Extract verbatim every line from the one containing "Suzuki XL7 Black" to the final line of the records below, inclusive, and exclude all pictures.

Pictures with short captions
-- Opening Marker --
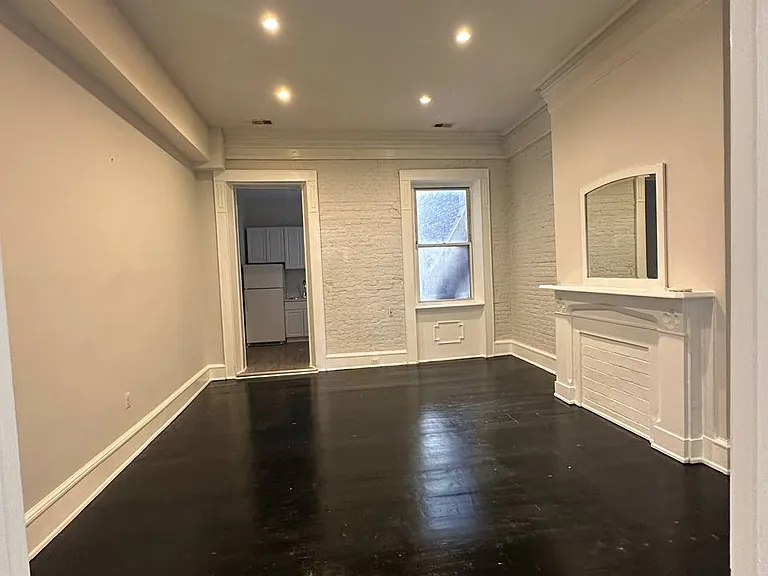 517 Cathedral St #1 — Photo 4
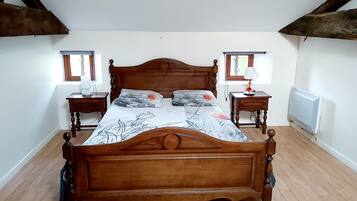 8 Schlafzimmer, BĂŒgeleisen/BĂŒgelbrett, Reisekinderbett, WLAN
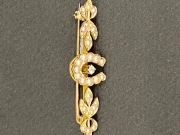 パールダイヤ馬蹄ブローチ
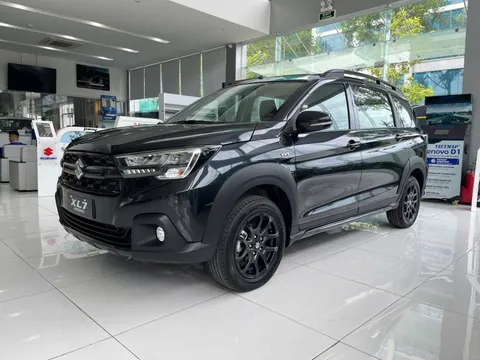 Suzuki XL7 Black Edition bản đặc biệt giảm 70 triệu tại đại lý: Giá thực tế chưa đến 530 triệu đồng, tăng sức cạnh tranh lên Xpander và Veloz Cross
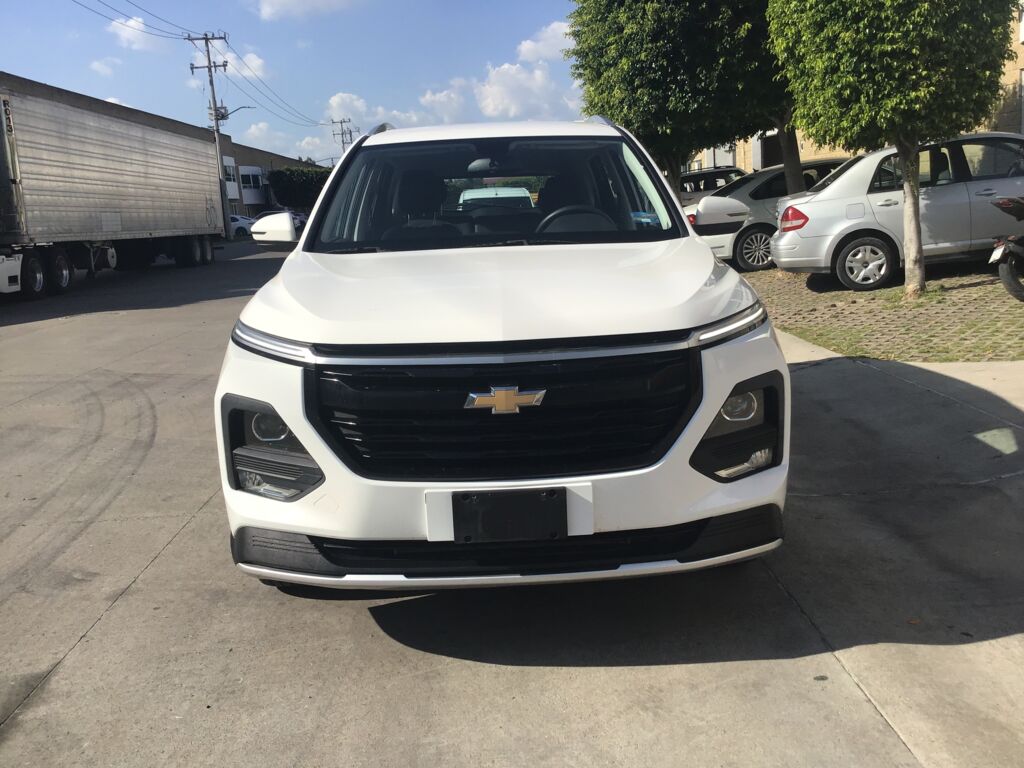 Chevrolet Captiva 2022 5p LT L4/1.5/T CVT 7/Pas 2022 Chevrolet Captiva Venta Exteriores 2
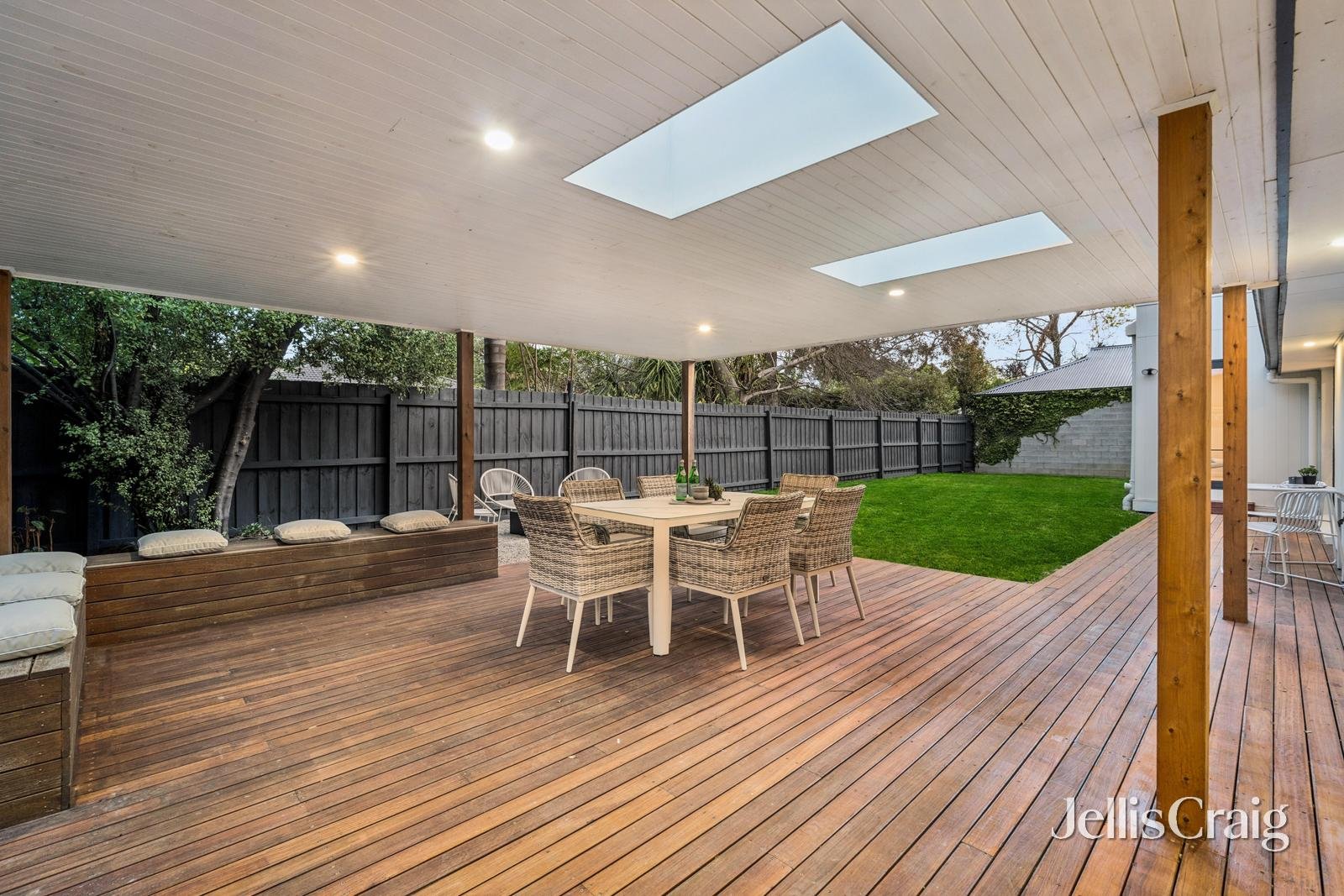 12A Gladys Grove, Croydon image 10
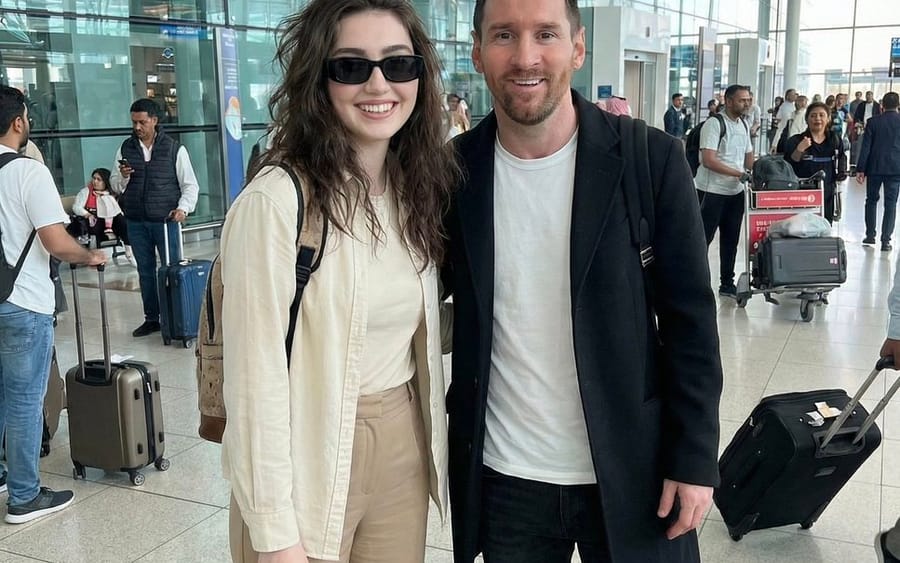 Ultra-Realistic Celebrity Encounter Selfie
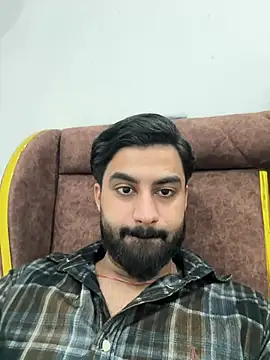 Royalboy_03's live cam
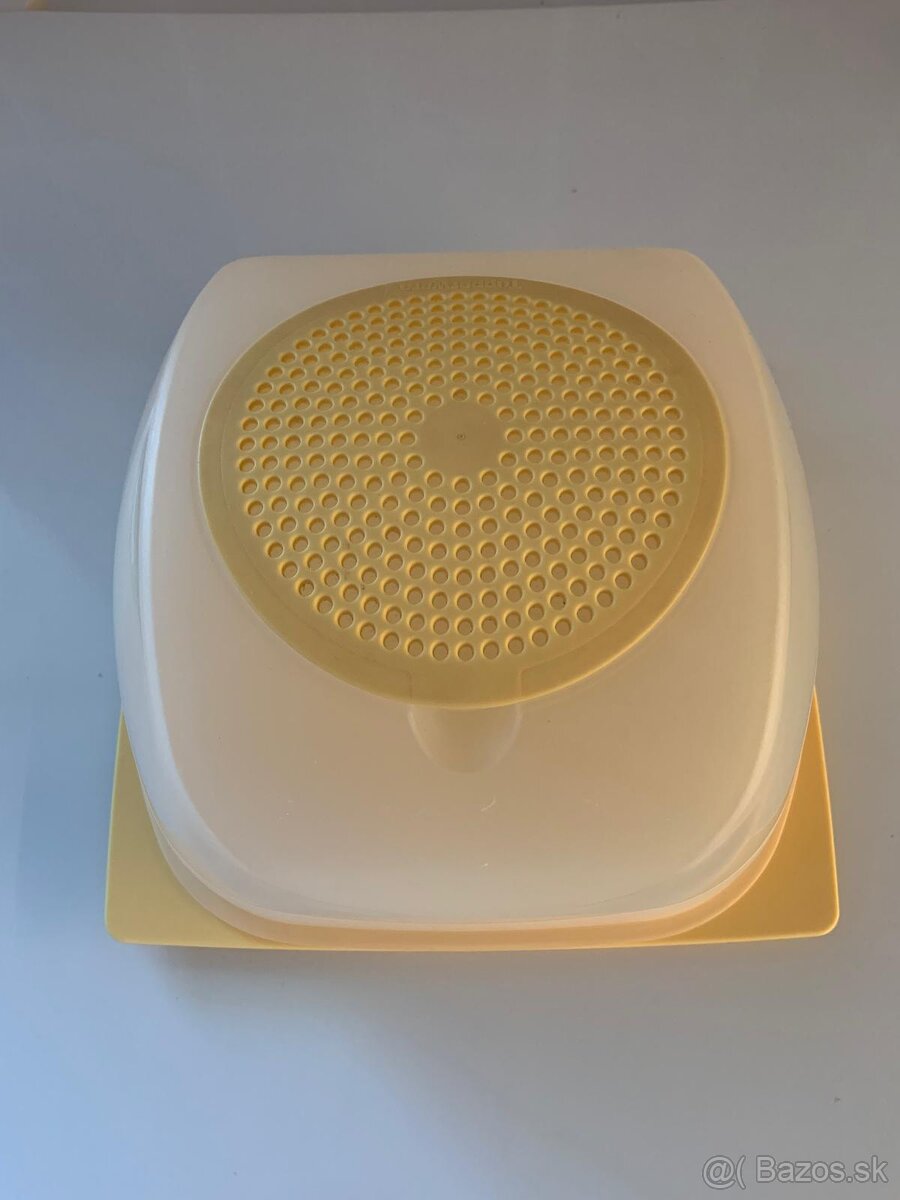 Tupperware „Syrmax“ – dóza na syr s membránou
-- Closing Marker --
__The answer__.
 Suzuki XL7 Black Edition bản đặc biệt giảm 70 triệu tại đại lý: Giá thực tế chưa đến 530 triệu đồng, tăng sức cạnh tranh lên Xpander và Veloz Cross
 Chevrolet Captiva 2022 5p LT L4/1.5/T CVT 7/Pas 2022 Chevrolet Captiva Venta Exteriores 2
 12A Gladys Grove, Croydon image 10
 Ultra-Realistic Celebrity Encounter Selfie
 Royalboy_03's live cam
 Tupperware „Syrmax“ – dóza na syr s membránou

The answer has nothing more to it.